A We had been followed at that point night and day, 24 hours a day. They were watching us or following us wherever we went. And it had gone on for a couple of weeks and we had not been able to leave. And we were under a lot of pressure and we were going a little mad at the time.

So I made arrangements with Nancy for her to come and pick us up on the property, thinking there was no way we could drive off the property because they had two cars on us the whole time. So we would have been followed. And we wanted to get away for a little while.

So Nancy drove in and she put on a wig and a bunch of lipstick and looked funny and was able to actually drive onto the property.

We hid in a laundry room in another part of the whole complex and then we got down on the floor of her car and she was able to get away.

So we spent that evening and the next day with her away from the whole private investigator scene.

Q Now, just prior to your leaving the organization you were asked to sign a contract with Church of Scientology International, which has been marked as exhibit double-M; do you recall that?

A Yes.

Q And just again, how much prior to your leaving was it, Mr. Armstrong?

A I received this about maybe a week or 10 days


prior to leaving.

I was told that this new organization was going to start on December 10th and that it had to be signed by then.

Q Prior to that and for the previous several months had you been working in the MCCS mission?

A I had been working in MCCS in the year previously for a couple of months and then just sometime in 1981. I did relatively little work, just mostly the couriering to or from attorneys.

Q Now, when you were working on the MCCS mission did you understand that the purpose of the MCCS mission was to conceal L. Ron Hubbard’s control over Scientology moneys?

MR. HARRIS: I’ll object to that as calling for a conclusion of the witness or else based upon attorney-client privileged information learned while couriering items to the attorney, Your Honor.

MR. FLYNN: I’ll withdraw it.

THE COURT: All right.

Q BY MR. FLYNN: Mr. Armstrong, just restricting –

Who was in charge of the MCCS mission?

A David Miscavige.

Q And who was your senior?

A Laurel Sullivan.

Q And did you have communications with Laurel Sullivan about Hubbard’s relationship to church funds without an attorney being present?


A Yes.

Q And what were those conversations?

MR. HARRIS: Objection, Your Honor, as attorney-client privileged.

He is part of the mission; she is part of the mission; David Miscavige is part of the mission according to this witness’ testimony. Any disclosure made about those items is attorney-client privilege. It is the organization’s means of communicating back and forth between the people who are in the organization and the attorneys.


THE COURT: Well, one of the problems, of course, is that there is — the attorney-client privilege, of course,  is a very important, significant privilege; and, of course, when you are dealing with an entity which is rather amorphous, it has various forms at different times, and personalities come and go and offices change. But communications are prepared obviously for submission to counsel and vice versa. So I am not really clear.
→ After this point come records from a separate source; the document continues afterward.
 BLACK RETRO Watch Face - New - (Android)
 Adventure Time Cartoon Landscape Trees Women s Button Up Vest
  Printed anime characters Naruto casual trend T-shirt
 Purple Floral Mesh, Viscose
Another problem, of course, is that there is an exception to the attorney-client privilege if it deals with anything which might relate to fraud or a crime.
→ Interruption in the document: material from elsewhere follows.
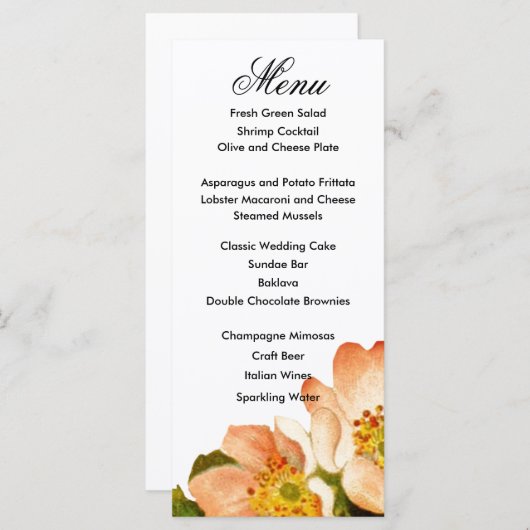 Menu mariage des tiges de l'aquarelle de fleurs de tach (Devant / Derrière)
MR. HARRIS: That is correct, Your Honor, but there must be first extrinsic evidence of same.

MR. FLYNN: I will see if I can do that, Your Honor.

Q Mr. Armstrong, when Exhibit double-M was placed in front of you and you read the portion, "That neither Ron nor Mary Sue Hubbard are officers or directors of the Church and that neither of them are in any manner responsible for actions of the Church . . ." and that neither had received "any compensation or remuneration from training or processing by the Church . . ."
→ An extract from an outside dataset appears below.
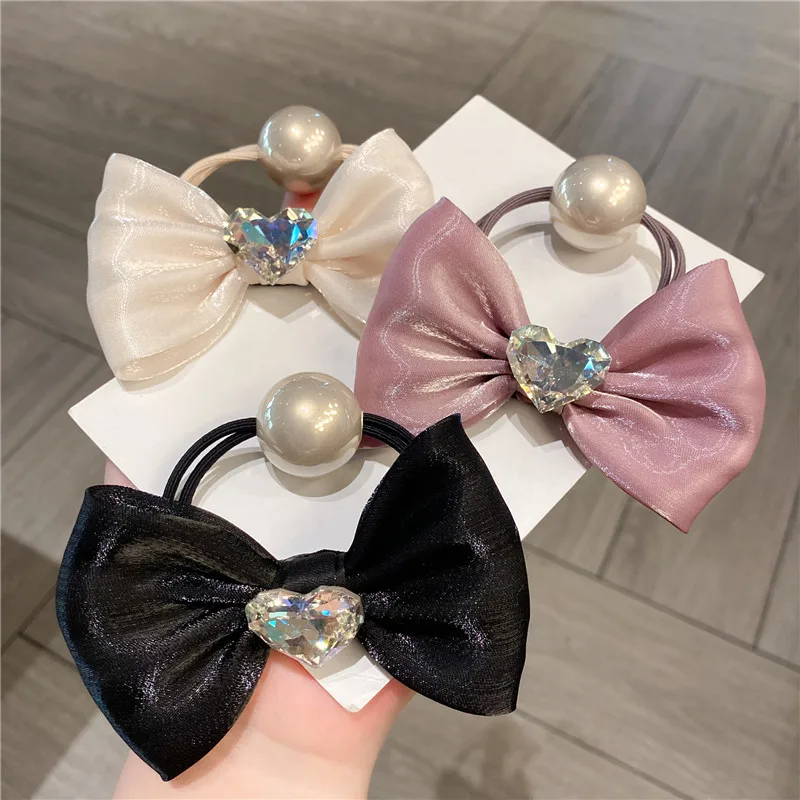 YANYE Gentle Organza Bow Rhinestone Love Pearl Elastic Rubber Band Intestine Hair Ties Rope Scrunchies Hair Accessories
Now, at that time in December 1981, when you read that, did you have specific knowledge that that was false?

A Yes.

Q And did you know that everyone in the organization was being asked to sign that document?

A Yes.


Q And did you know at that time that funds were being specifically funded to L. Ron Hubbard through a corporation called Religious Research Corporation?

A Yes.

MR. HARRIS: This corporation, Your Honor, is Church of Scientology International by its heading. Unless the witness knows that Church of Scientology International was funneling money and knows it from personal knowledge, it is not okay to say it was false.

THE COURT: Just relax. Let me see it a minute.

Well, I will overrule the objection. He can certainly testify as to his state of mind with reference to what he knew. If this was something that he was being asked to sign that appeared to him to be untrue, he can so state.

MR. LITT: Your Honor, if I may add, what is happening or what is about to happen in this line of questioning is that the purported knowledge that Mr. Armstrong has is knowledge obtained that is privileged.

Now, then, he is — and the process is going like this. Document is presented.

Did you know this to be false? Yes, which it is not because this is after his knowledge, so he doesn’t know it to be false as to what the present situation is.

He purportedly knows it to be false at some point in the past.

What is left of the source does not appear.